Les observations faites à la mi-avril montrent, dans certains marais, des dépôts formant une croûte opaque. Explications et alternatives.
Début avril, avec le début d’exondation dans les parcelles, un dépôt végétal est observé dans certains marais (Brière et marais d’estuaire). L’assèchement consécutif, accéléré par les vents d’est/nord-est d’avril, a amplifié le phénomène déjà observé. Une croûte très compacte est alors apparue.
Le « film » végétal croûté a été ameubli par les précipitations du week-end précédent. Sous la croûte, le couvert prairial est dégradé et en cours de désagrégation. Certaines graminées parviennent à percer le film à l’occasion de petites fissures ou de parties plus minces. Les végétaux les plus développés sont l’agrostis stolonifère et la baldingère (deux graminées) ou encore eleocharis palustris, ainsi que les renoncules rampantes.
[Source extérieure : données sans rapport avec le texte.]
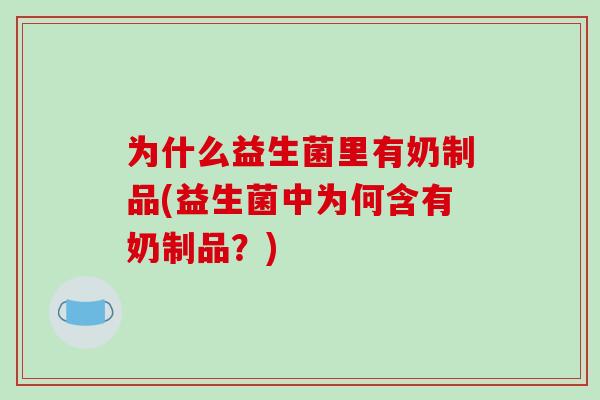 为什么益生菌里有奶制品(益生菌中为何含有奶制品？)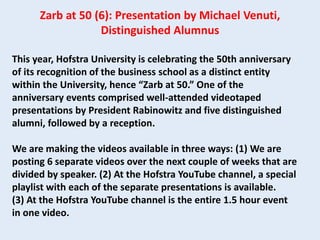 This year, Hofstra University is celebrating the 50th anniversary
of its recognition of the business school as a distinct entity
within the University, hence “Zarb at 50.” One of the
anniversary events comprised well-attended videotaped
presentations by President Rabinowitz and five distinguished
alumni, followed by a reception.
We are making the videos available in three ways: (1) We are
posting 6 separate videos over the next couple of weeks that are
divided by speaker. (2) At the Hofstra YouTube channel, a special
playlist with each of the separate presentations is available.
(3) At the Hofstra YouTube channel is the entire 1.5 hour event
in one video.
Zarb at 50 (6): Presentation by Michael Venuti,
Distinguished Alumnus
À l’intérieur d’une parcelle, des contrastes
On peut observer de nettes différences entre le haut et le bas des parcelles. Dans le bas, plus humide, la végétation est un peu plus dense. Dans le haut, plus sec, le film est encore solide et forme une croûte qui empêche les plantules d’accéder à la lumière.
En effet, dans les endroits les plus humides, l’agrostis se développe correctement car elle réussit à passer au-dessus de la « croûte ». Mais dans les parties les plus hautes de la parcelle, la situation est plus préoccupante car la graminée rencontre des difficultés à fragmenter cette croûte végétale.
Quelles sont les causes de ce dépôt ?
Ce phénomène, déjà constaté dans les marais, est la résultante des fortes précipitations hivernales et de début de printemps prolongées, cumulées avec la douceur des températures et avec le vent très séchant d’est, en mars, qui a contribué à structurer cette croûte. Sa composition est un mélange de végétaux très fins avec des algues et dépôts sédimentaires en suspension qui, en séchant, forme une croûte compacte et opaque.
Plusieurs cas ont été observés (voir les photos ci-dessus) et le retour des pluies en Brière et dans les prairies de l’estuaire a encore fait évoluer les situations.
Début mai, quelle situation pour les marais du Nord de l’estuaire ?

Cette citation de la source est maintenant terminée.